Provided records section start

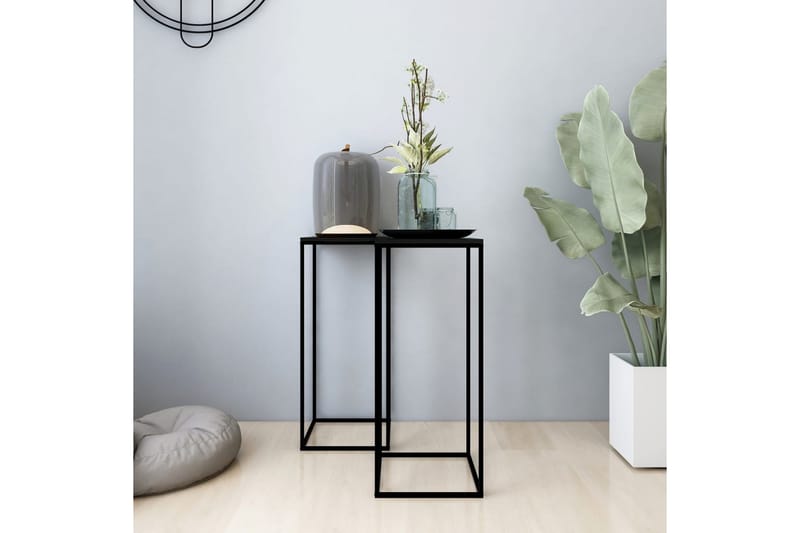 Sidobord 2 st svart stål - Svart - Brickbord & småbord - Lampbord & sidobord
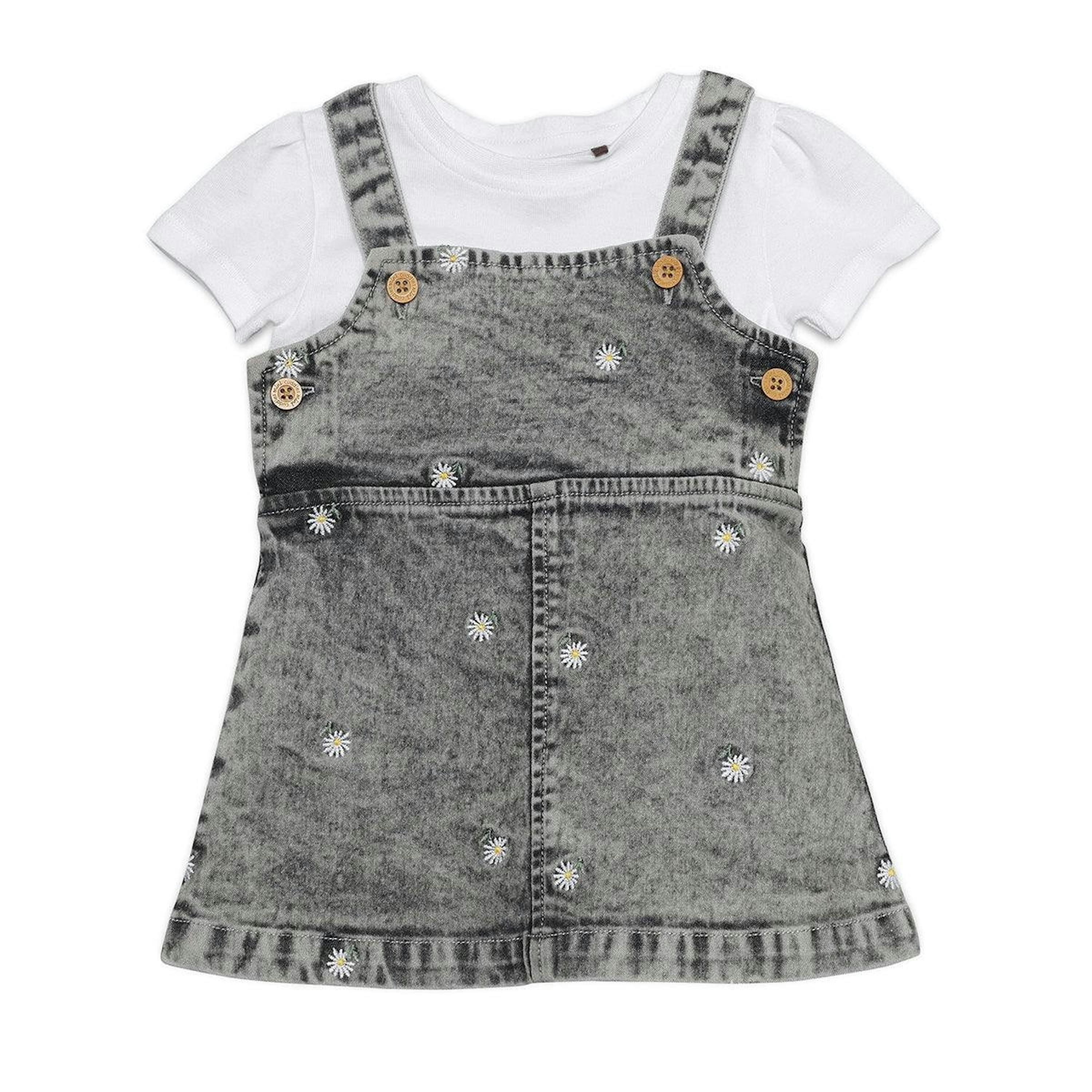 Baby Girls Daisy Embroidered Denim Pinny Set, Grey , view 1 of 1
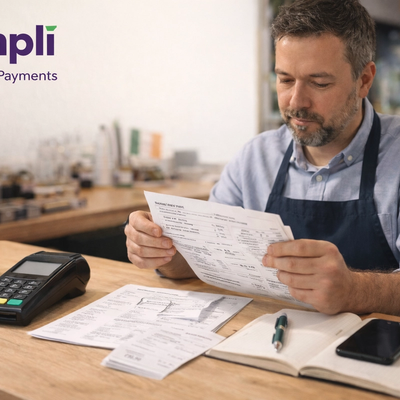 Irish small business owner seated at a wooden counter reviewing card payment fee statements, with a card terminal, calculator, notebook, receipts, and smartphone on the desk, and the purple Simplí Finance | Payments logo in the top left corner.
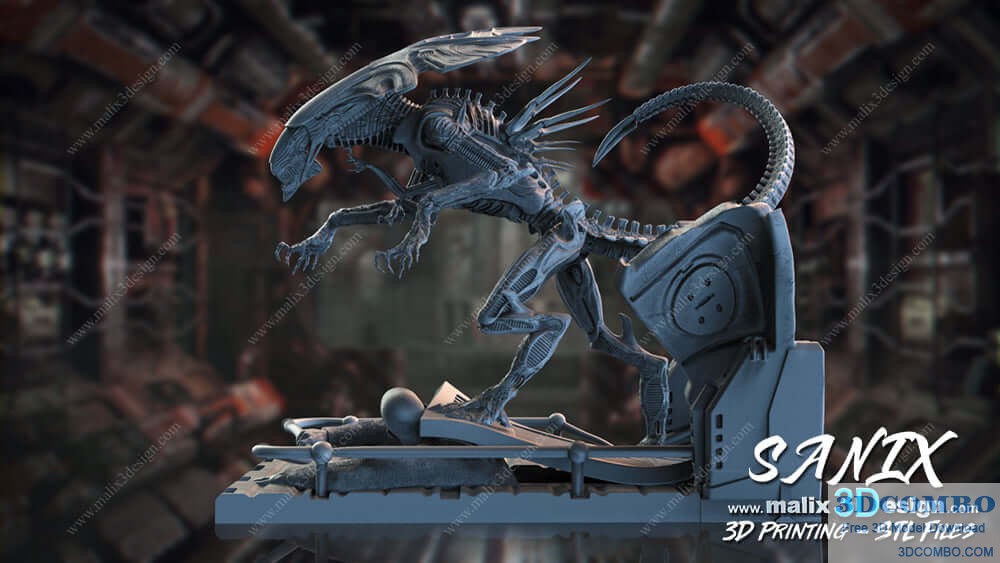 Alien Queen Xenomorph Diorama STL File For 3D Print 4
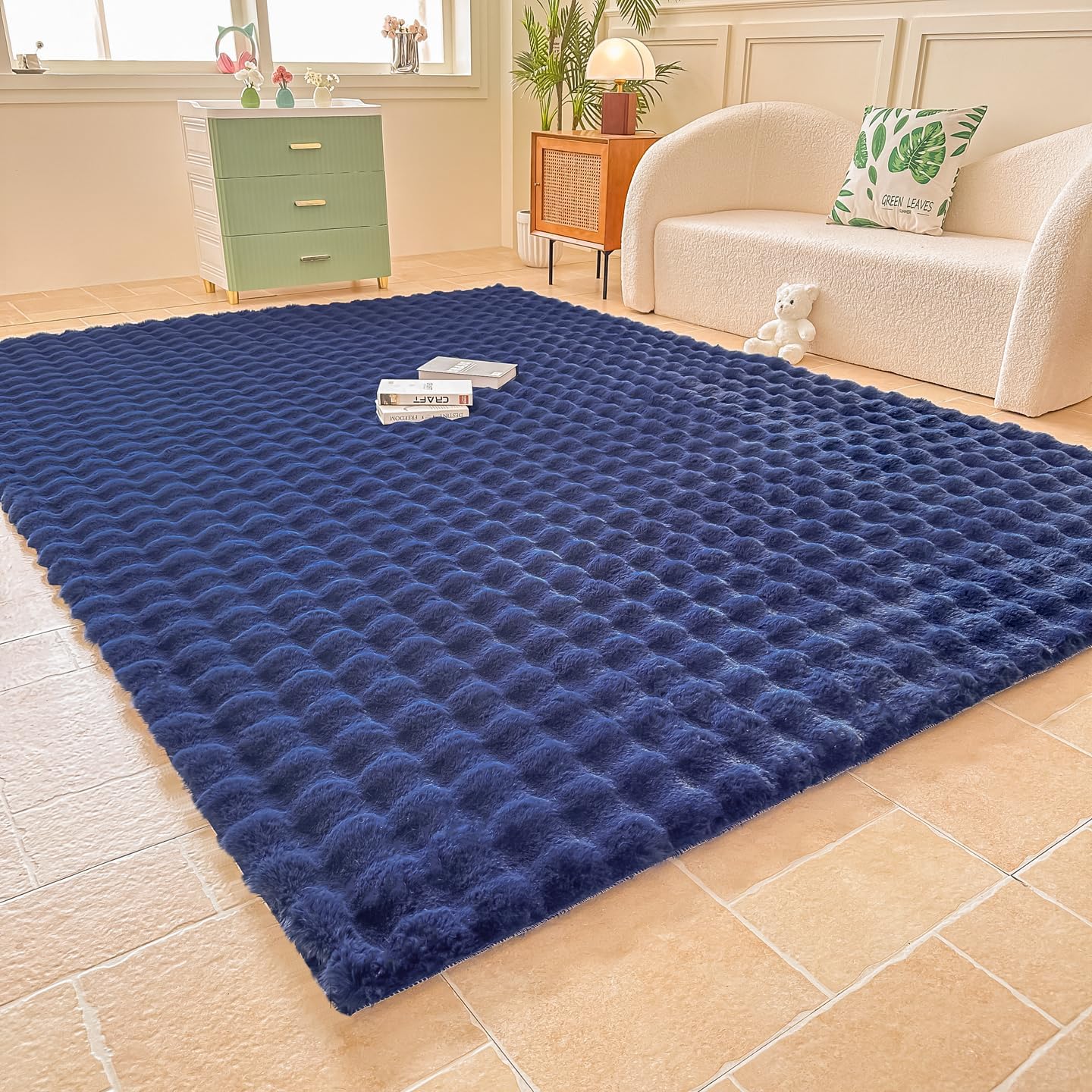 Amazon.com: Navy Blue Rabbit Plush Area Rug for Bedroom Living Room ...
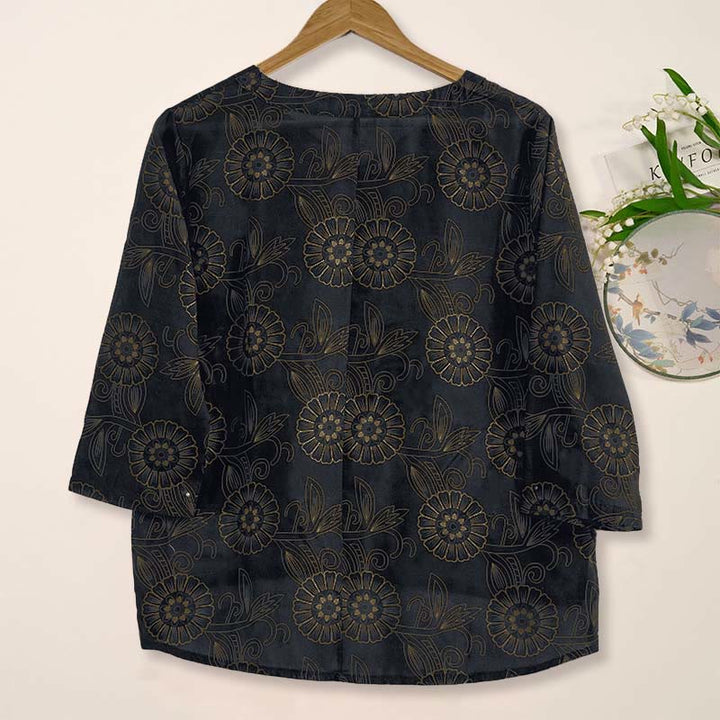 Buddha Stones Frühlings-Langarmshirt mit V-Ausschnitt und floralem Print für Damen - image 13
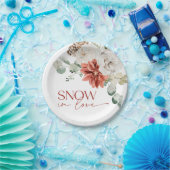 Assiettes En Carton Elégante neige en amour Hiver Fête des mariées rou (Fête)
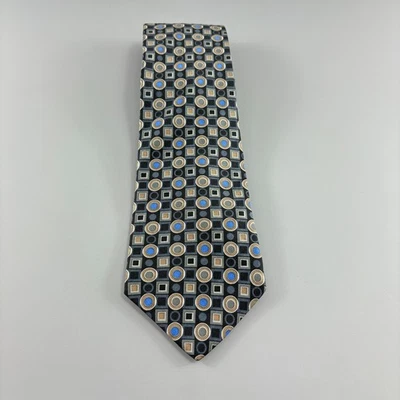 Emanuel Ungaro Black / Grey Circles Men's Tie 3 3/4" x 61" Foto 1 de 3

Provided records section end

> [Required work] Starting at the first line of the records above, set down each line exactly through the one that holds "Baby Girls Daisy". Omit pictures.

> [Output for this task]
 Sidobord 2 st svart stål - Svart - Brickbord & småbord - Lampbord & sidobord
 Baby Girls Daisy Embroidered Denim Pinny Set, Grey , view 1 of 1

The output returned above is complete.